Quality Fly has renewed its fleet with modern, fuel-efficient aircraft such as this Tecnam P2006T

Madrid-based training organisation Quality Fly believes it is the first European Union flight school to achieve carbon neutral status.

The EASA-approved ATO has reduced its carbon footprint and is offsetting remaining emissions through investments in clean energy projects.

This applies to all flight programmes, both modular and integrated, and requires no additional investment by the students.

Among the measures taken:

  • The aircraft fleet has been fully renewed, replacing the older generation fleet with comparable, modern aircraft that cuts fuel consumption and emissions by as much as 50% on a per-hour basis.
  • The student journey has become fully paperless, from enrolment to ground training, flight operations and licence issuance, saving several kilograms of paper and ink every day.
  • Quality Fly has started to acquire 100% renewable electricity from clean energy producers, effectively reducing our office and administration climate impact to near zero.
  • As soon as the technology becomes fully operational, Quality Fly is determined to replace the carbon offsetting for a full 100% electric fleet.
carbon offsetting

Quality Fly is offsetting CO2 emissions with clean tech projects in developing countries

Juan Cervero, CEO of Quality Fly, said, “Since the flight training activity necessarily implies direct emissions, at least until electric aircraft offer optimal training possibilities, some emissions cannot be eliminated. Quality Fly has decided to voluntarily offset them by investing in clean energy projects in developing countries, namely India, which not only compensate for our carbon footprint, but also have a positive social and economic impact in the region.

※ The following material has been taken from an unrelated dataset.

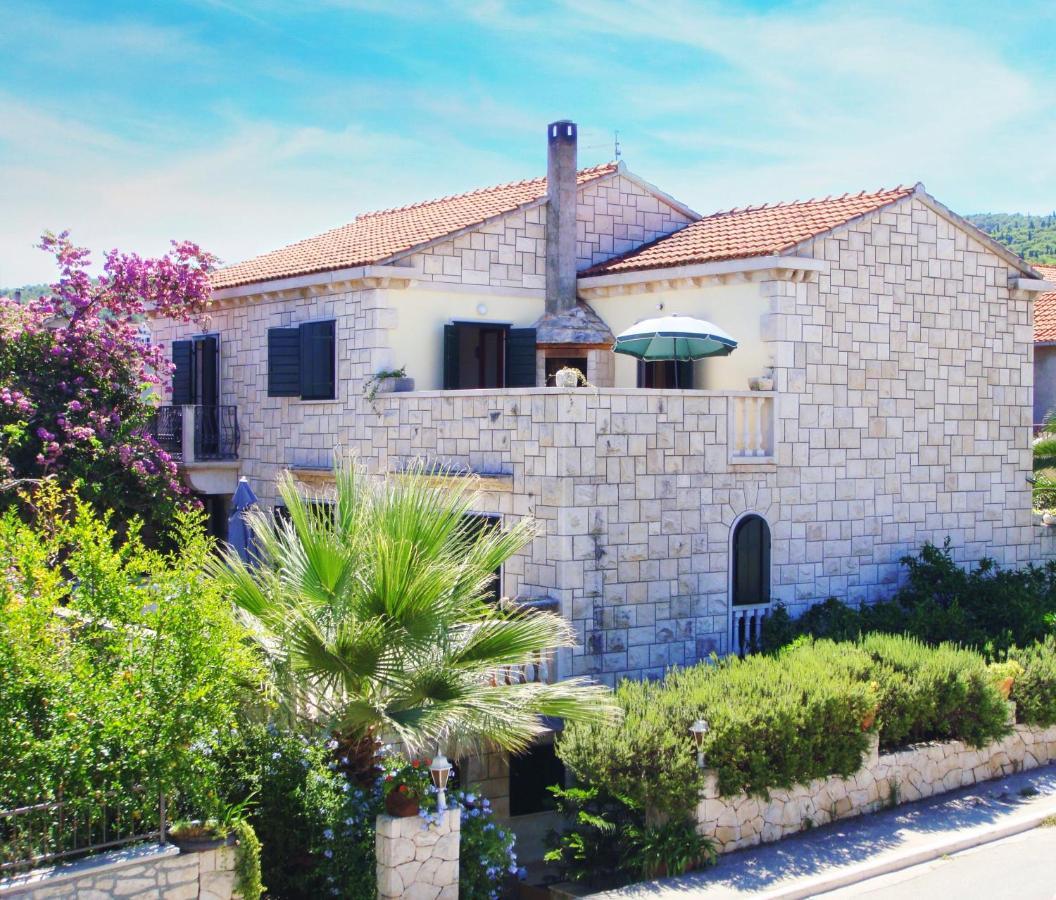 Apartmani Bepina Supetar Exterior foto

“These projects include solar, wind and hydropower electricity generation. They are channelled through the UNFCCC (United Nations Framework Convention on Climate Change) and verified by independent auditors using international standards.”

Quality Fly estimates full-year figures for 2022 of more than 4,000 flight hours flown, or roughly 93,000 litres of gas used (mogas or avgas). This results in emissions of about 210-220 tonnes of CO2 equivalent. The clean energy investments Quality Fly has made will save 240 tonnes of CO2 emissions to the atmosphere.